Around 40 Chechens in total have been rescued from anti-gay pogroms by the Russian LGBT Network, but only nine have been issued visas to escape the country.
Chechen servicemen attend the Victory Day military parade in Russia. Photo by Magomed Chabaev/Kommersant via Getty Images

A troubling report emerged on Wednesday alleging that the US Embassy in Russia was denying visas to gay men fleeing state-sanctioned torture, imprisonment, and murder in Chechnya. The report has since been amended to clarify that the US has not yet "formally denied any visa applications," though the US embassy in Russia has said there is "no political will" to provide said visas, and that the department could only provide backchannel support.

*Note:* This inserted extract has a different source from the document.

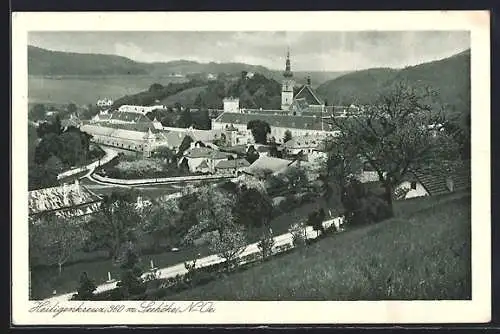 AK Heiligenkreuz, Ortsansicht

"We are working with international human rights organizations and other international partners to explore appropriate mechanisms to respond to the troubling situation in the Republic of Chechnya," a State Department spokesperson told Broadly.

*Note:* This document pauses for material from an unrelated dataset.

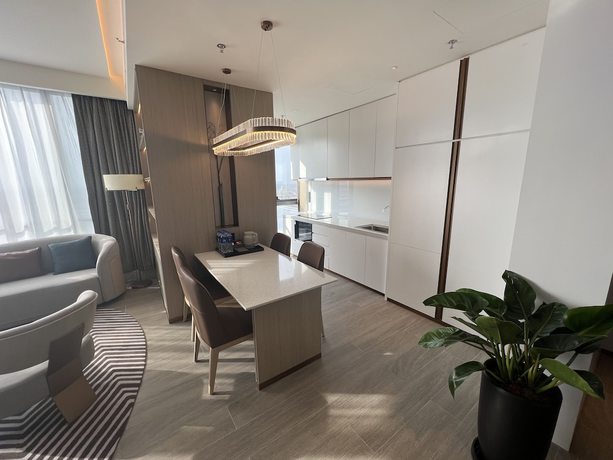 Imagen de la habitación del Hotel Wanda Jin Xiaohe Xincheng. Foto 12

While the US dawdles, other countries are stepping up to the plate. Nine visas have so far been granted to the refugees by other countries, a spokesperson for the Russian LGBT Network confirmed to Broadly.

"We are currently negotiating with five countries around the world," the representative said. "The troubling thing is that while every government acknowledges this is a humanitarian crisis, it's very hard for them to embrace the reality that there are refugees and that we need to relegate and assist them."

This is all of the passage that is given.